## What to do
Would you transcribe the records below from the line with "WILD BIGCOCK35 online" to the line with "elevator in A&J Kampot Boutique", ends included, exactly and with nothing more, leaving the pictures out?

## Provided records
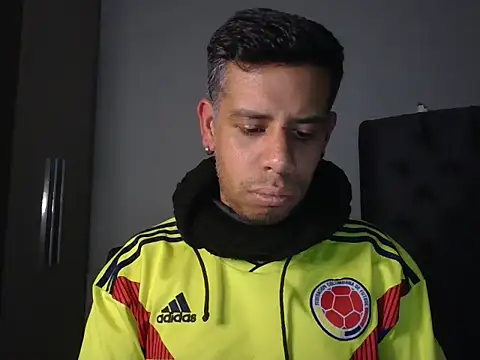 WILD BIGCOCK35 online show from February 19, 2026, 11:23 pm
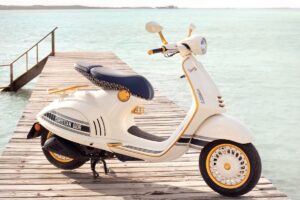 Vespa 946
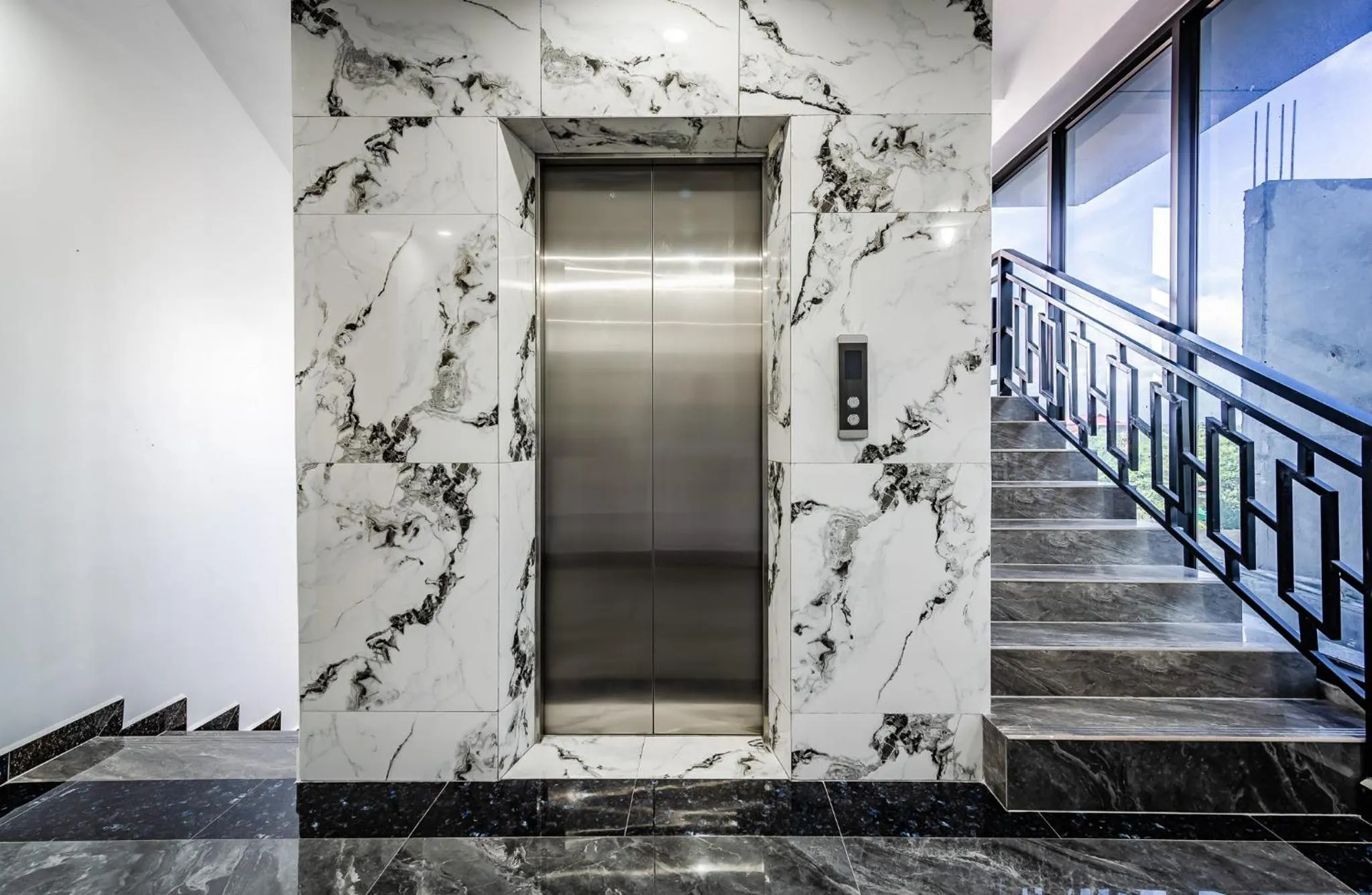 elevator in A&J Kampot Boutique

---

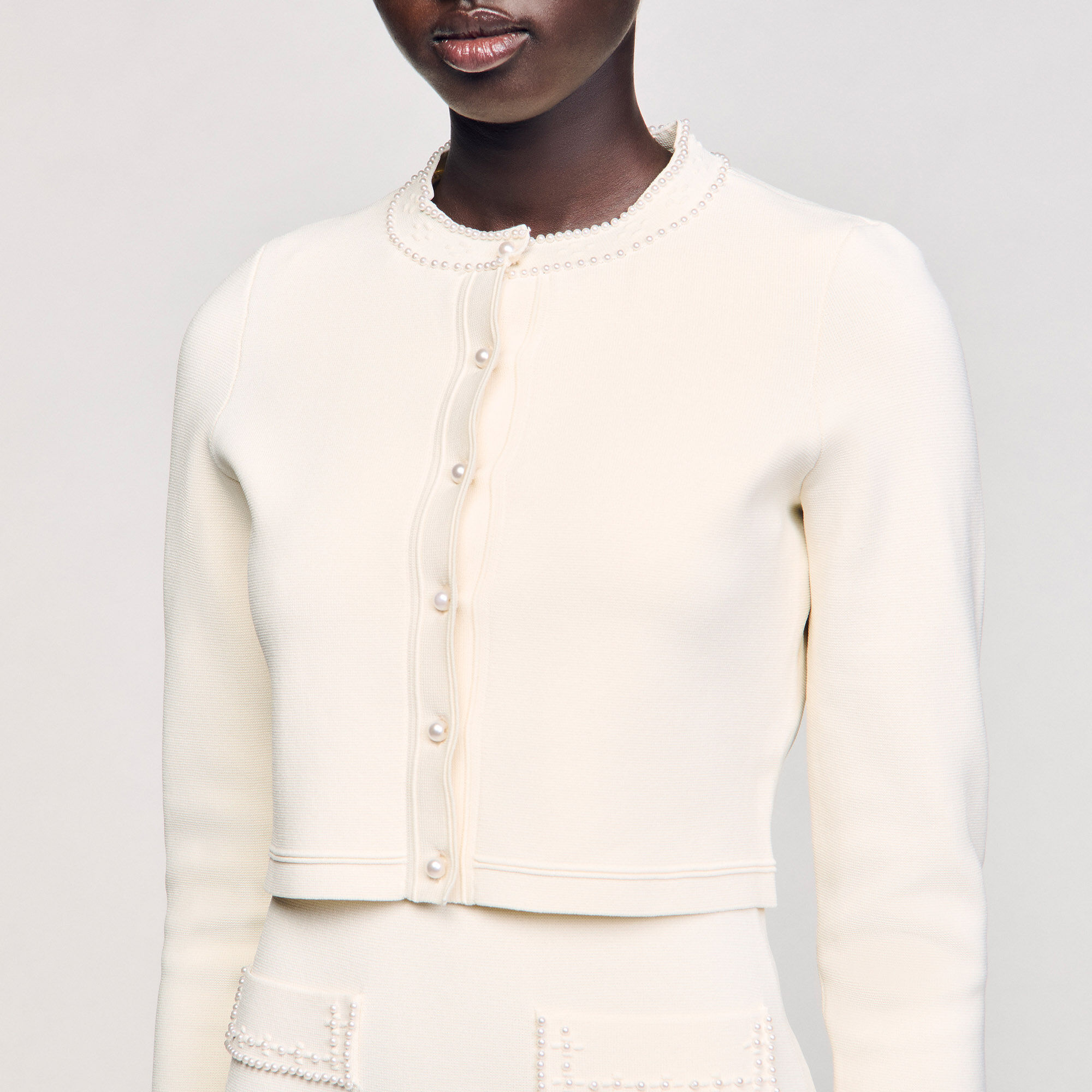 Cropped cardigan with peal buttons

## Solution to the exercise
 WILD BIGCOCK35 online show from February 19, 2026, 11:23 pm
 Vespa 946
 elevator in A&J Kampot Boutique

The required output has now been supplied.